- Born: Doris Honig July 16, 1923 Manhattan, NY
- Died: April 12, 2022 (aged 98) Indiana
- Education: Hunter College George Washington University School of Medicine
- Occupation: Pediatrician Professor Assistant Dean Acting Dean
- Spouse: A. Donald Merritt
- Children: 2

= Doris Honig Merritt =

American physician (1923–2022)

Doris M. Honig Merritt (July 16, 1923 – April 12, 2022) was an American physician and the first woman to serve on a board for the National Library of Medicine. Her contributions included serving as the first women on both the National Library of Medicine and the Assistant Dean of Medical research at Indiana University School of Medicine. Her inspiration to become a doctor came after serving in the Navy during World War II when she had to begin searching for a long-term profession.

== Education ==
Doris Merritt attended Hunter College of the University of the City of New York in 1944, where she studied English literature, graduating Cum Laude and as part of the Phi Beta Kappa honor society. She went on to medical school at The George Washington University School of Medicine in 1952, after completing pre-medical course from 1946 to 1948 in order to be eligible to apply.

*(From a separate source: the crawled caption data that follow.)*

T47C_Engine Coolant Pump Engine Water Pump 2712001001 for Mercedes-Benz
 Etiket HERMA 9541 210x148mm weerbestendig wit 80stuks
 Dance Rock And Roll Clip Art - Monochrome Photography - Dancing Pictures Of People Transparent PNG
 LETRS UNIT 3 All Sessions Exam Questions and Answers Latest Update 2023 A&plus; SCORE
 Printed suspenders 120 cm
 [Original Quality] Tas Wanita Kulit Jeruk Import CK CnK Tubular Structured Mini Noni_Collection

== Medical and administrative career ==
After graduating from Medical school in 1952, she went on to complete a residency in Pediatrics at Duke University. She later became assistant resident in pediatrics at Duke University from 1954 to 1955. She finished up with her fellowship in pediatrics at Duke University from 1955 to 1956. In 1961 Dr. Merritt became a professor of pediatrics at Indiana University School of Medicine. After moving with her husband, she was named the director of Medical research grants and contracts at Indiana University School of medicine in 1961. Following that, in 1962 she became the first woman to be named Assistant Dean of Research at Indiana University School of Medicine and served in that position from 1962 to 1978 where she discovered her passion for administrative work in Fesler Hall, where her office was located. In her time at the university, she helped raise an estimated $105 million for construction and research. After relocating back to Maryland with her husband in 1978, she was appointed the Special Assistant to the director of the National Institutes of Health for research training and research resources. In the same year, she became the first woman to chair the National Library of Medicine Board of Regents. In 1986, she was appointed the first acting director of the National Center for Nursing Research of the National Institutes of Health. Her husband died during this period of time shortly after her appointment. Merritt was appointed the Associate Dean of the Indiana University School of Medicine in 1988. In 1995, she unexpectedly was appointed the dean of Purdue School of Engineering and technology at IUPUI, making her the first woman to occupy this position. She took on her final position at the University as Acting Associate Vice president for research and graduate studies after retiring from her last position.

== Later life and death ==
In 1998, Merritt retired from the university as the Acting Associate Vice president for research and graduate studies. Her legacy continues due to her many contributions, with three awards at Indiana University Purdue University Indianapolis in her name; including the Doris H. Merritt, MD, Lectureship in Women's Health presented by Indiana University School of Medicine.

In 2019 Merritt recorded an oral history interview currently held in the IUPUI eArchives.

Merritt died on April 12, 2022, at the age of 98.